[Scraped caption text data]
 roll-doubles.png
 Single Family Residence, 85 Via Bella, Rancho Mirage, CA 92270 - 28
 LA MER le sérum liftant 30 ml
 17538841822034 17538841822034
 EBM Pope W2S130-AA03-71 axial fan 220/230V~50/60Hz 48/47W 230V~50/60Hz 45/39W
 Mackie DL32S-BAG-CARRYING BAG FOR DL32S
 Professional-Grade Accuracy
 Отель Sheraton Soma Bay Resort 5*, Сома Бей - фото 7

...

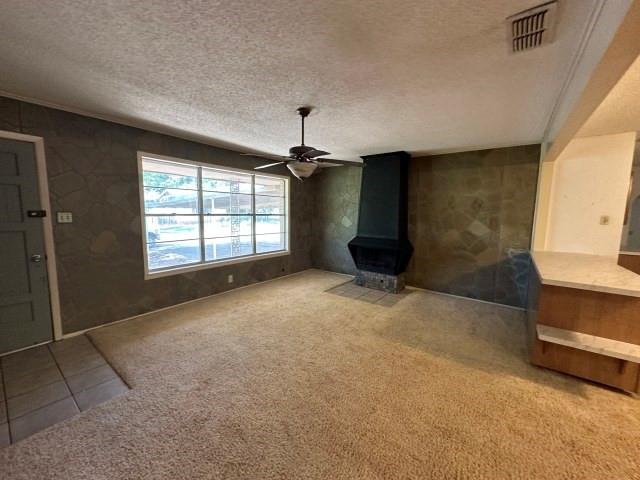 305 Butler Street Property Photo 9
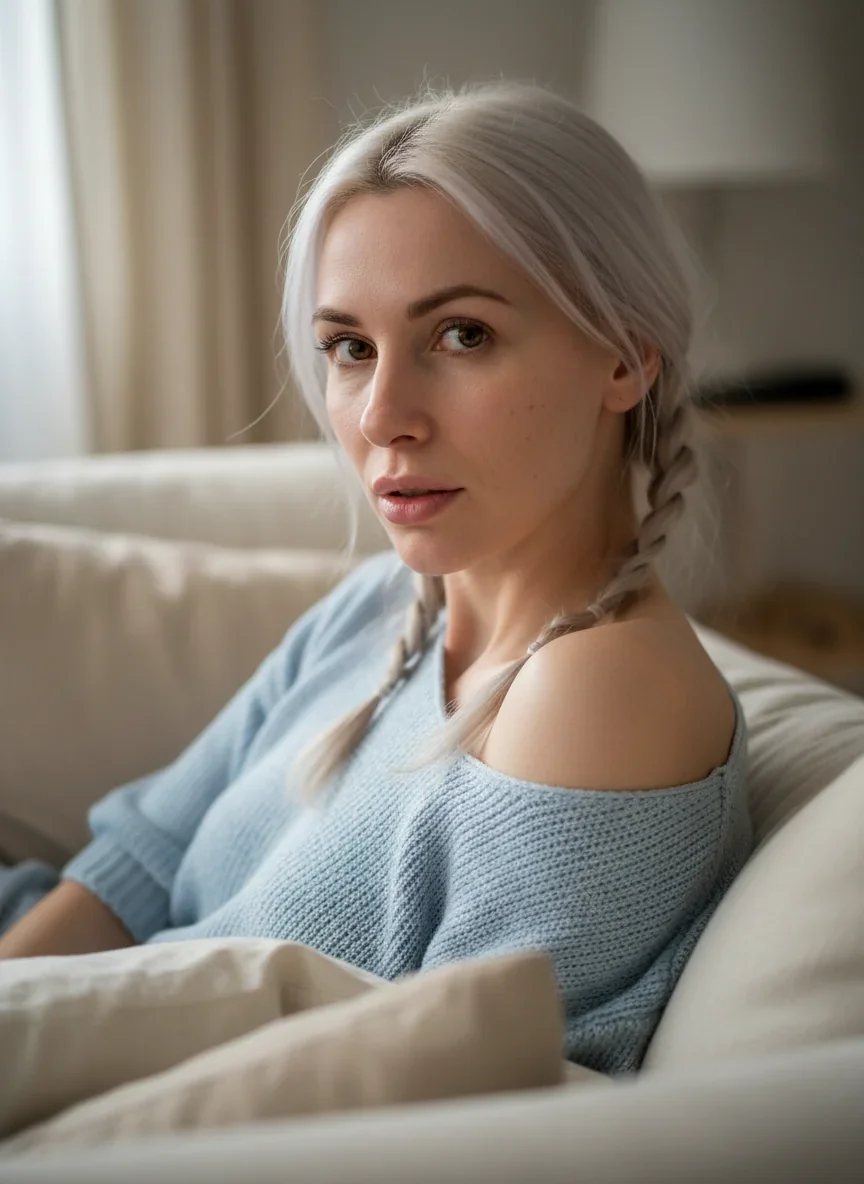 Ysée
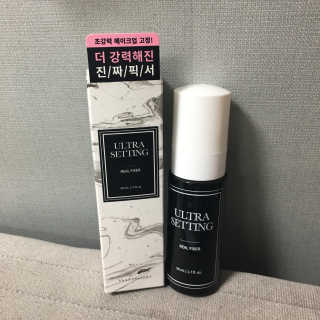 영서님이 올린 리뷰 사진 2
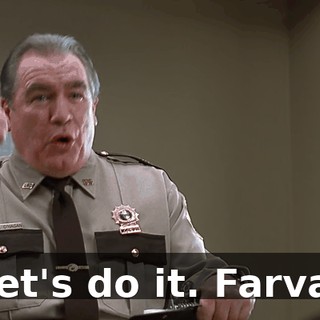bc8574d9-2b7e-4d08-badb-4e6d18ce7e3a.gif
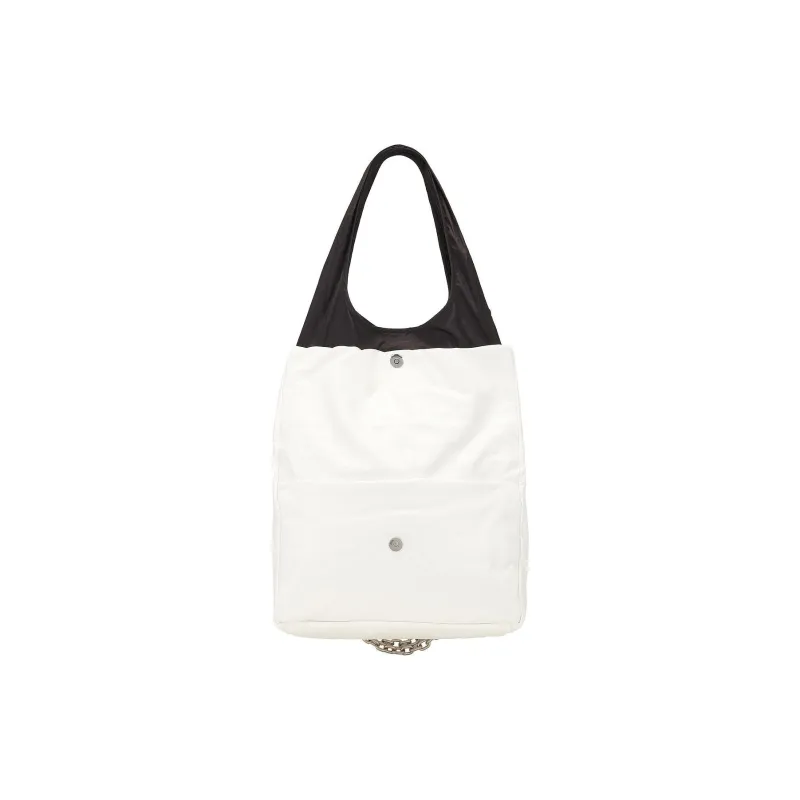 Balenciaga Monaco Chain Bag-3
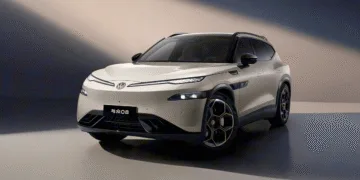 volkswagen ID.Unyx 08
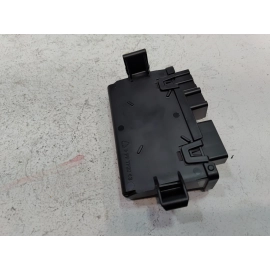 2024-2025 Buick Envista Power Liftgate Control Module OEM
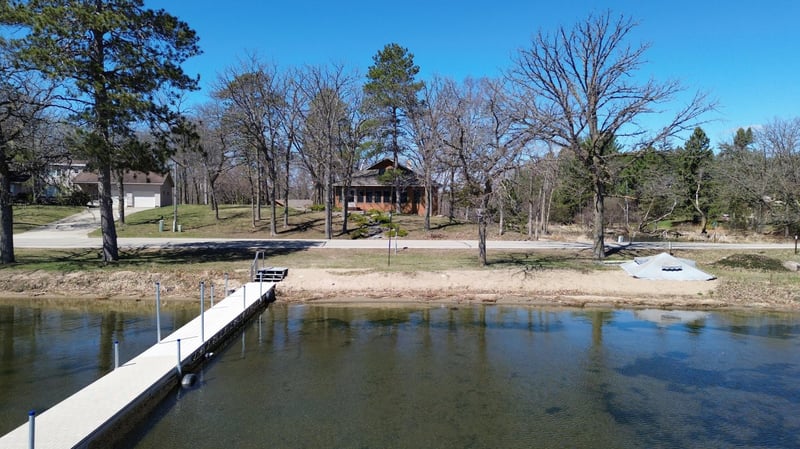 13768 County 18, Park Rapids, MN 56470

- INSTRUCTIONS FOR THE TASK
Retype, exactly and in full, the lines above from the one containing "EBM Pope W2S130-AA03-71" through the one containing "Отель Sheraton Soma".

- TASK SOLUTION
 EBM Pope W2S130-AA03-71 axial fan 220/230V~50/60Hz 48/47W 230V~50/60Hz 45/39W
 Mackie DL32S-BAG-CARRYING BAG FOR DL32S
 Professional-Grade Accuracy
 Отель Sheraton Soma Bay Resort 5*, Сома Бей - фото 7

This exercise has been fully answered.